The huge scale of rape “is exactly why it is immoral for us to continue with these catch-and-release policies which encourage people to make this dangerous journey,” said Vaughan.

Those policies are protected by Democrats and by GOP groups, each of which has their own incentive to encourage the migration of workers, consumers, and possible future voters into the United States.

“It is the [catch and release] policies which are immoral, not the wall,” she said.

The federal policy of using legal and illegal migration to boost economic growth shifts enormous wealth from young employees towards older investors by flooding the market with cheap white-collar and blue-collar foreign labor.

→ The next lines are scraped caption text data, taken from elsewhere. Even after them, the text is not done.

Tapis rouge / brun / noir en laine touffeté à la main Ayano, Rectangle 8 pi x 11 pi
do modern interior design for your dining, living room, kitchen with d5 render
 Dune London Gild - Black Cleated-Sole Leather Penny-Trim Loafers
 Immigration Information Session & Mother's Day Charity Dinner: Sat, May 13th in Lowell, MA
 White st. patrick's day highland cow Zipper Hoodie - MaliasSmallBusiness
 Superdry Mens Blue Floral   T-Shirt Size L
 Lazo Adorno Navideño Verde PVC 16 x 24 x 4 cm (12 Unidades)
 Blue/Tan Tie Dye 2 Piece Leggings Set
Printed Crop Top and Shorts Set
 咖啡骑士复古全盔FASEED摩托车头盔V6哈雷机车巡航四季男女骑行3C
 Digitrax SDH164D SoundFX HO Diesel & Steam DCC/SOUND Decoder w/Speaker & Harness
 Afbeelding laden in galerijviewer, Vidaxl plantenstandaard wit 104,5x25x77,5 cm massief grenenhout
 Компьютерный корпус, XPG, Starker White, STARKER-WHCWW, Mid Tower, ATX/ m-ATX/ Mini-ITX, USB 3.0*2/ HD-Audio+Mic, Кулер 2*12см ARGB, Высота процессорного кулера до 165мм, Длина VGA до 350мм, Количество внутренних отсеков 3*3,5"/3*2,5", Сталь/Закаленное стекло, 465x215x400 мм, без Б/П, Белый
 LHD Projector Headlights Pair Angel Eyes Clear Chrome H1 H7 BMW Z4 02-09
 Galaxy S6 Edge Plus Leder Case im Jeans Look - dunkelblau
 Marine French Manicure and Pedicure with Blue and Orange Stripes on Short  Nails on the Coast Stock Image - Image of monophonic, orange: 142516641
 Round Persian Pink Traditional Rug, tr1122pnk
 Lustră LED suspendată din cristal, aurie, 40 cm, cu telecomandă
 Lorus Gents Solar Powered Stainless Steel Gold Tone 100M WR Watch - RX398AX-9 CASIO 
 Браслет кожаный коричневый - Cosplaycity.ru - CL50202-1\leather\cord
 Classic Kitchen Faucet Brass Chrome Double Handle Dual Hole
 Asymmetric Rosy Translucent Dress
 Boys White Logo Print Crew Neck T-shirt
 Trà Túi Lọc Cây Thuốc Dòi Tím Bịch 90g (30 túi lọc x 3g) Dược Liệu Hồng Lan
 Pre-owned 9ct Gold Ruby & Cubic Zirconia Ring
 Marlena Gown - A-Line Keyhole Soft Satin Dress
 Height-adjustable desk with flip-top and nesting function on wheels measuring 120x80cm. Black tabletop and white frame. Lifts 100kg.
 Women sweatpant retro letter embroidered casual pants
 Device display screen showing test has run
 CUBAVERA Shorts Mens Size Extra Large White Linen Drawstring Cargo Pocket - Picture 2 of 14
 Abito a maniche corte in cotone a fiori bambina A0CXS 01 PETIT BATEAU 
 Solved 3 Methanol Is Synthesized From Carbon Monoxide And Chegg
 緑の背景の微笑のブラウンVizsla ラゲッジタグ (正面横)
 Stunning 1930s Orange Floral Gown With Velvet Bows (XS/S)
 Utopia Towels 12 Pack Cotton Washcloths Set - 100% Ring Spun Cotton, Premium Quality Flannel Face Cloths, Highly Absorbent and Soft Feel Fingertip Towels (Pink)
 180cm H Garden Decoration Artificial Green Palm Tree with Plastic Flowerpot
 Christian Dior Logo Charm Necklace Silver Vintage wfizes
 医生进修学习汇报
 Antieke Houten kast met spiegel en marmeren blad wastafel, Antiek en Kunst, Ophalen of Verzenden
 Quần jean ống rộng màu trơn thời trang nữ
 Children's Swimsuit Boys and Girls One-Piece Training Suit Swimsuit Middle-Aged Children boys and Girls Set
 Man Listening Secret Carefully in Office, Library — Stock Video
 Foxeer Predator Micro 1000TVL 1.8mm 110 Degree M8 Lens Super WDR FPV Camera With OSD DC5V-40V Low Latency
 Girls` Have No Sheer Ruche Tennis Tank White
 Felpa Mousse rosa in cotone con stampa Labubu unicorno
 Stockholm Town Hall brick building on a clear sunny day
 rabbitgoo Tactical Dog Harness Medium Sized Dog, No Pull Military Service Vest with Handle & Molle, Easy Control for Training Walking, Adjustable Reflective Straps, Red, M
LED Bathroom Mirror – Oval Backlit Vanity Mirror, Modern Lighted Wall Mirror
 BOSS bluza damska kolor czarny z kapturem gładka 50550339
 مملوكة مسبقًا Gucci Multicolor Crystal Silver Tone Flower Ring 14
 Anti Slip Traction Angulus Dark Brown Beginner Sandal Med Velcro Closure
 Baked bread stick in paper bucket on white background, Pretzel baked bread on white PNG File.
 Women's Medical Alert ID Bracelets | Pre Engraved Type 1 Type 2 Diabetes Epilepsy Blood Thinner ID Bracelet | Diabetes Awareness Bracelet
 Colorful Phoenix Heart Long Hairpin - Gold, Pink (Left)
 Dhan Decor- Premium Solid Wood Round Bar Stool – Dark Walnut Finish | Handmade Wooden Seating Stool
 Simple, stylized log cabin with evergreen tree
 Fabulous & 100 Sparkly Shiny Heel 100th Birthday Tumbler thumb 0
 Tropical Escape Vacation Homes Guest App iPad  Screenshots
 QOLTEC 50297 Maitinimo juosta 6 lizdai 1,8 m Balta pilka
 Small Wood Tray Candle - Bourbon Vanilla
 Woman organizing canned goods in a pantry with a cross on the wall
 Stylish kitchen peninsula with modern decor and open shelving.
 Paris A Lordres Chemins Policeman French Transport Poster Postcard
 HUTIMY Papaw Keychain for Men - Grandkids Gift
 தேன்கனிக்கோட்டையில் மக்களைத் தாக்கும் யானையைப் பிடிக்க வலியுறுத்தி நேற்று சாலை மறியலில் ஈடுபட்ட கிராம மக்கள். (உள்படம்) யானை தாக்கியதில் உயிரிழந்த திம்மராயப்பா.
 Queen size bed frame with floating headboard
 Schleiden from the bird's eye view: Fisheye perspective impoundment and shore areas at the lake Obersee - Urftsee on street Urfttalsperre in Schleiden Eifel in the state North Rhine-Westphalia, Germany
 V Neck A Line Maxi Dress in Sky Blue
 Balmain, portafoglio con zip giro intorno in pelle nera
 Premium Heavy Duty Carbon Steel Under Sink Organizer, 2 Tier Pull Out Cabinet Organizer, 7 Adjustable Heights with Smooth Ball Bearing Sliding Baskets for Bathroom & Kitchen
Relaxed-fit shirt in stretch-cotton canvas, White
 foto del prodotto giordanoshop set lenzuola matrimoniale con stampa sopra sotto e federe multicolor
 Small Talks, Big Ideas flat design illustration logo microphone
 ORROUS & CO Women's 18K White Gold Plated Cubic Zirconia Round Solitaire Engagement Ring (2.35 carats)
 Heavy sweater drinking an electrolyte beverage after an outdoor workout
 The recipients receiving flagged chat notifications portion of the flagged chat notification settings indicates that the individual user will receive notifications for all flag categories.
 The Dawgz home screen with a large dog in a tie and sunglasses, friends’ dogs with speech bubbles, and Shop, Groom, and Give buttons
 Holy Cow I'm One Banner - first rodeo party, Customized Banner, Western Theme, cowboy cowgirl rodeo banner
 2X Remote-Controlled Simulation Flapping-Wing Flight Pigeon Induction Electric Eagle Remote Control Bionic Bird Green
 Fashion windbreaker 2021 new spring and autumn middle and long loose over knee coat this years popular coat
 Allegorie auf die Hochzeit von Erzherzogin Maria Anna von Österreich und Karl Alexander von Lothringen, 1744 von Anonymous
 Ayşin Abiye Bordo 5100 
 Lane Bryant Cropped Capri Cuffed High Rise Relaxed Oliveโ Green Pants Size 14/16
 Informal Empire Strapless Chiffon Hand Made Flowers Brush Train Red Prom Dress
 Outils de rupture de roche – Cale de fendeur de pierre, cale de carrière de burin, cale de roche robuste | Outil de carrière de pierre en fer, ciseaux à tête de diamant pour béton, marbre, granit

That annual inflow of roughly one million legal immigrants — as well as the population of two million visa workers and eight million working illegal immigrants — spikes profits and Wall Street values by shrinking  salaries for 150 million blue-collar and white-collar employees, especially the wages earned by the four million young Americans who join the labor force each year.

The federal government’s cheap labor policy widens wealth gaps, reduces high tech investment, increases state and local tax burdens, hurts kids’ schools and college education, pushes Americans away from high-tech careers, and sidelines millions of marginalized Americans, including many who are now struggling with fentanyl addictions.

Immigration also steers investment and wealth away from towns in Heartland states because coastal investors can more easily hire and supervise the large immigrant populations who prefer to live in coastal cities. In turn, that coastal investment flow drives up coastal real estate prices and pushes poor Americans, including Latinos and blacks, out of prosperous cities such as Berkeley and Oakland.